Learned counsel appearing on behalf of the appellants
submitted that while interpreting Regulation 60, the High
Court has added a proviso by stating that when the employee
disputes his liability after receipt of the show cause
notice, it is incumbent upon the disciplinary authority to
conduct a detailed enquiry as provided for major punishment.
It is his contention that in case of negligence in discharge
of duties or loss occurred to the Corporation by not
following the directions issued by the Corporation for
taking precautions, there is no question of holding
full-fledged departmental enquiry before imposing minor
penalty as provided in Regulation 54. As against this,
respondent No.2-Joint Secretary, Food Corporation of India
Executive Staff Union who appeared in person submitted that
under the guise of imposing minor penalties, the Management
of appellant is dispensing with holding of regular
departmental enquiry in cases where charges cannot be
proved. He further pointed out that there is large scale
misuse of powers under the said Regulation and, therefore,
the interpretation given by the High Court to the said
Regulation does not call for any interference.

In our view, on the basis of the allegation that Food
Corporation of India is misusing its power of imposing minor
penalties, the Regulation cannot be interpreted contrary to
its language. Regulation 60(1)(b) mandates the disciplinary
authority to form its opinion whether it is necessary to
hold enquiry in a particular case or not. But that would
not mean that in all cases where employee disputes his
liability, a full-fledged enquiry should be held.
Otherwise, the entire purpose of incorporating summary
procedure for imposing minor penalties would be frustrated.
If the discretion given under Regulation 60(1)(b) is misused
or is exercised in arbitrary manner, it is open to the
employee to challenge the same before the appropriate forum.

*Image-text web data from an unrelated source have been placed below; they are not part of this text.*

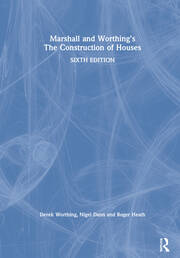 Marshall and Worthing's The Construction of Houses book cover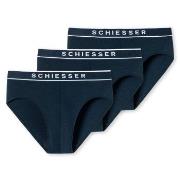 Schiesser Kalsonger 3P 95-5 Organic Cotton Rio Brief Marin bomull Medi...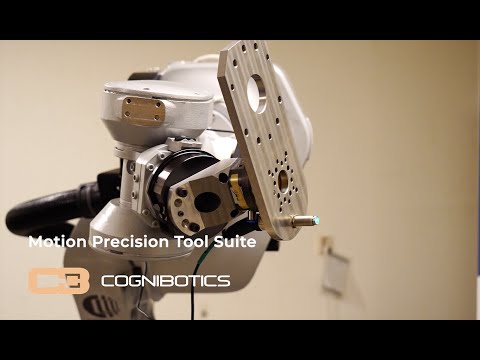 Robot calibration - 700% increased robot accuracy with Cognibotics Motion Precision Tool Suite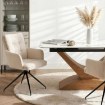 Mebel Elite Вращающееся кресло Akita кремового цвета из вельвета, ME.AKITA/KR/SZTR/K - Home Club, изображение 2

It is for the disciplinary authority to decide whether
regular departmental enquiry as contemplated under
Regulation 58 for imposing major penalty should be followed
or not. This discretion cannot be curtailed by
interpretation which is contrary to the language used.
Further, Regulation 60(2) itself provides that in a case if
it is proposed to withhold increments of pay and such
withholding of increments is likely to affect adversely the
amount of retirement benefits payable to employee and in
such other cases as mentioned therein, the disciplinary
authority shall hold enquiry in the manner laid down in
Regulation 58 before making any order imposing any such
penalty. Hence, it is apparent that High Court erroneously
interpreted the regulation by holding that once the employee
denies the charge, it is incumbent upon the authority to
conduct enquiry contemplated for imposing major penalty. It
also erred in holding that where employee denies that loss
is caused to the Corporation either by his negligence or
breach of order, such enquiry should be held. It is settled
law that Courts power of judicial review in such cases is
limited and Court can interfere where the authority held the
enquiry proceedings in a manner inconsistent with the rules
of natural justice or in violation of statutory rules
prescribing the mode of enquiry and imposing punishment or
where the conclusion or finding reached by the disciplinary
authority is based on no evidence or is such that no
reasonable person would have ever reached. As per the
Regulation, holding of regular departmental enquiry is a
discretionary power of the disciplinary authority which is
to be exercised by considering the facts of each case and if
it is misused or used arbitrarily, it would be subject to
judicial review.

In the result, the appeal is allowed to the aforesaid
extent. There shall be no order as to costs.